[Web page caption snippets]
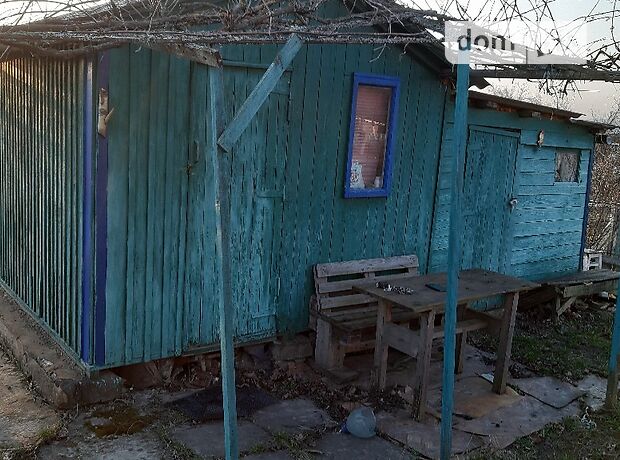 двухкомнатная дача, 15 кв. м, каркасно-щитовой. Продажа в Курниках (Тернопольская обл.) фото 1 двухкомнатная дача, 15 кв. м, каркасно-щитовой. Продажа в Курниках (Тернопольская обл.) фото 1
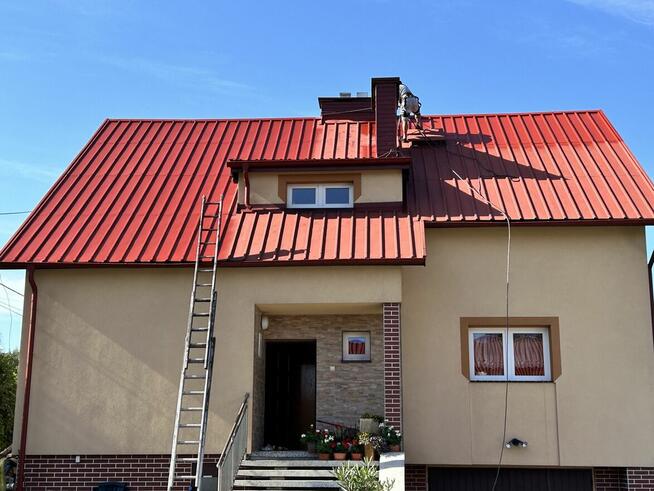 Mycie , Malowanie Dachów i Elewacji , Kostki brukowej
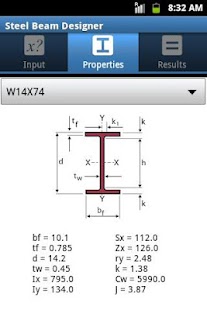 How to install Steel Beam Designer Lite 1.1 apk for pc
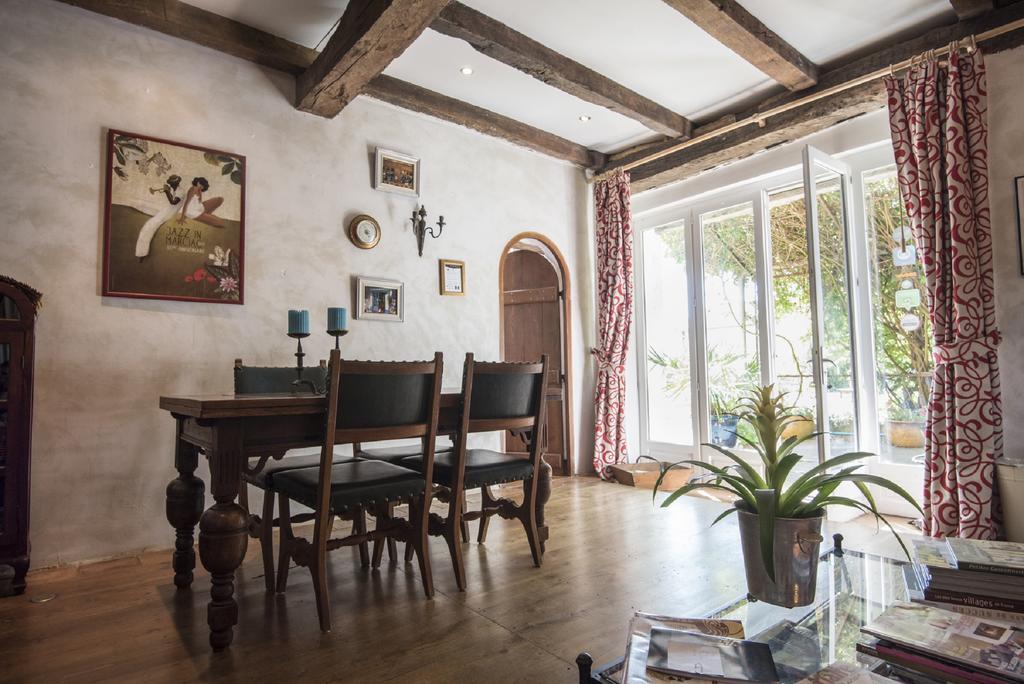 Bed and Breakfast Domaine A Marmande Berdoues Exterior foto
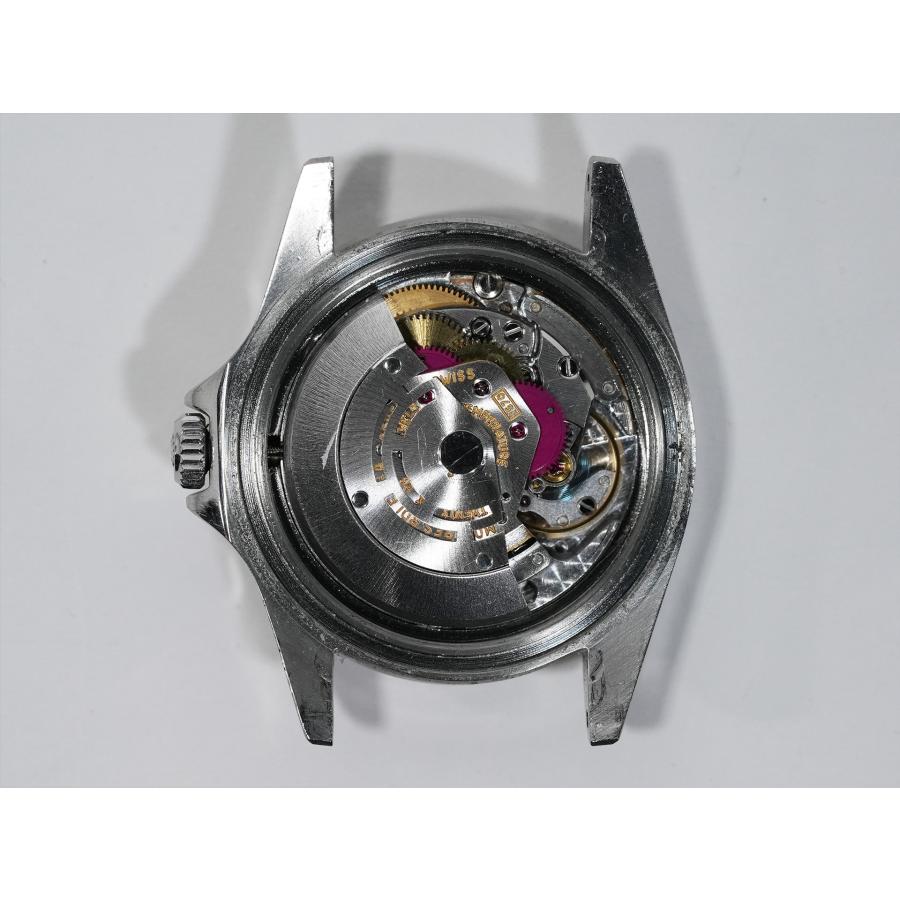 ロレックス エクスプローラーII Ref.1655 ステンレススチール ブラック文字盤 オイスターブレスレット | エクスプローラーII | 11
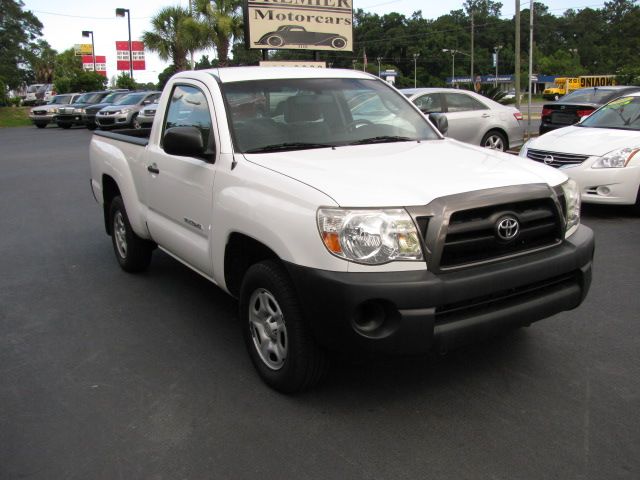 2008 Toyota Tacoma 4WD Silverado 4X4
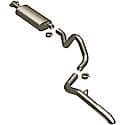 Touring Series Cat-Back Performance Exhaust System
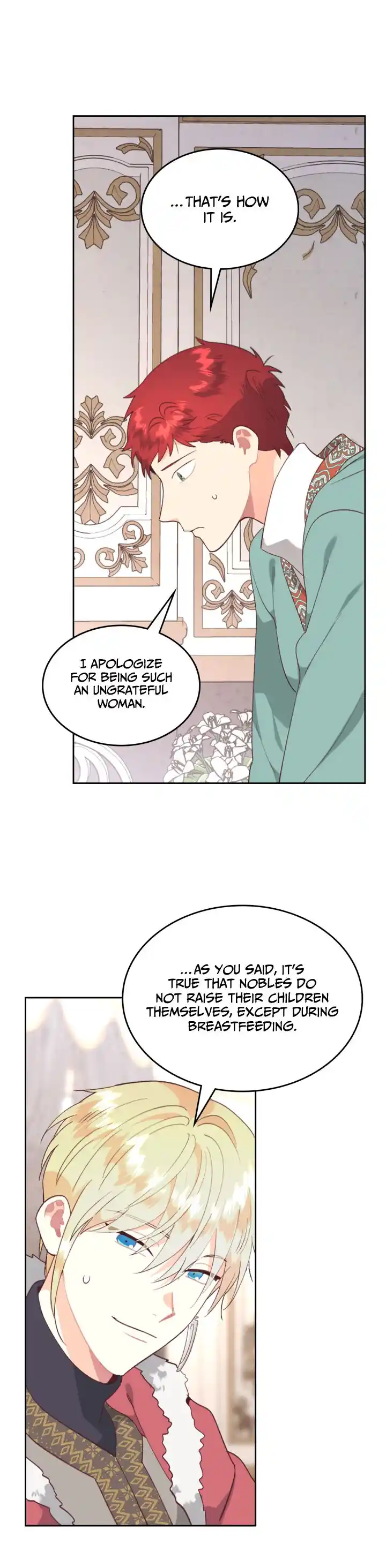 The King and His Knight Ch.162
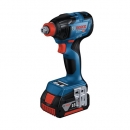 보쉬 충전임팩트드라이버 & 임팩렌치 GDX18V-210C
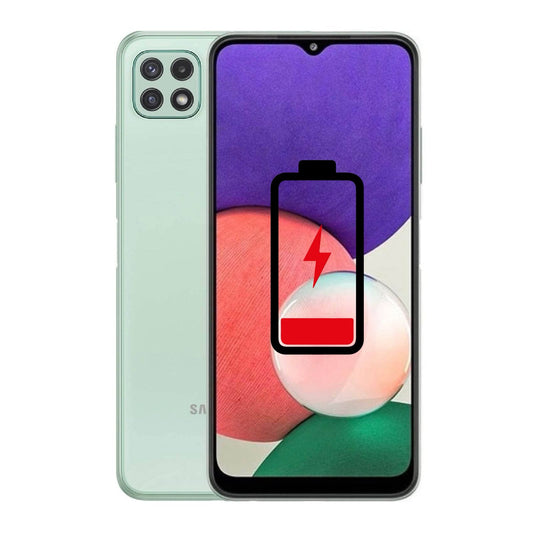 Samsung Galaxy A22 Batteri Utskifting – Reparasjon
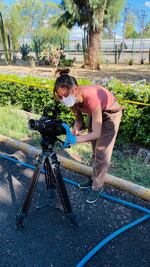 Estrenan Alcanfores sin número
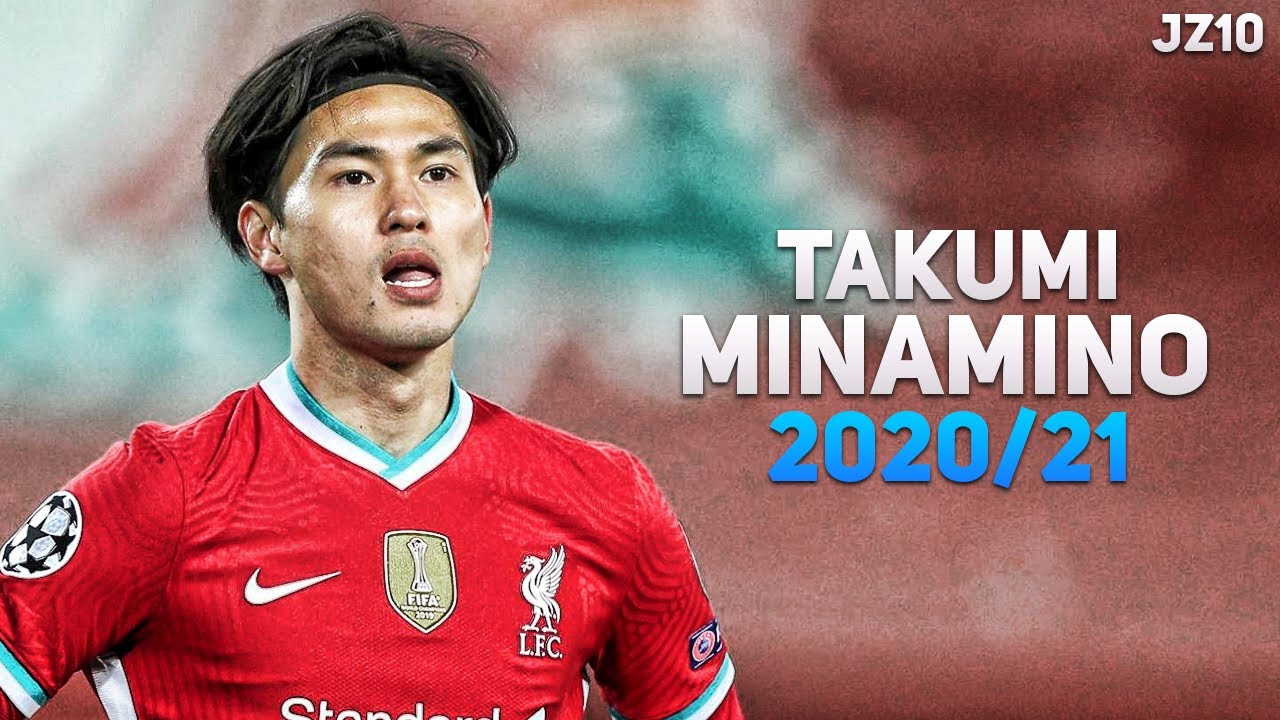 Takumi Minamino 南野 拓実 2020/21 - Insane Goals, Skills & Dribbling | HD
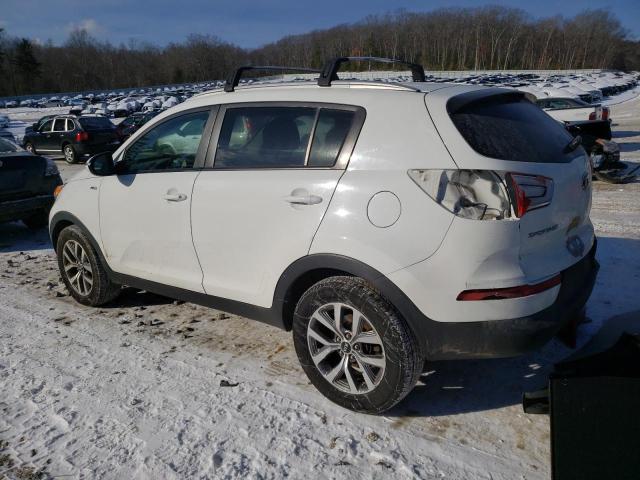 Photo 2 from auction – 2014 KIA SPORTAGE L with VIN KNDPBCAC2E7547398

PROBLEM DESCRIPTION: Your answer must be the lines from the one containing "Estrenan Alcanfores sin número" through the final line of the entries, duplicated exactly, with both ends kept and all pictures left out.

OUTPUT BELOW:
 Estrenan Alcanfores sin número
 Takumi Minamino 南野 拓実 2020/21 - Insane Goals, Skills & Dribbling | HD
 Photo 2 from auction – 2014 KIA SPORTAGE L with VIN KNDPBCAC2E7547398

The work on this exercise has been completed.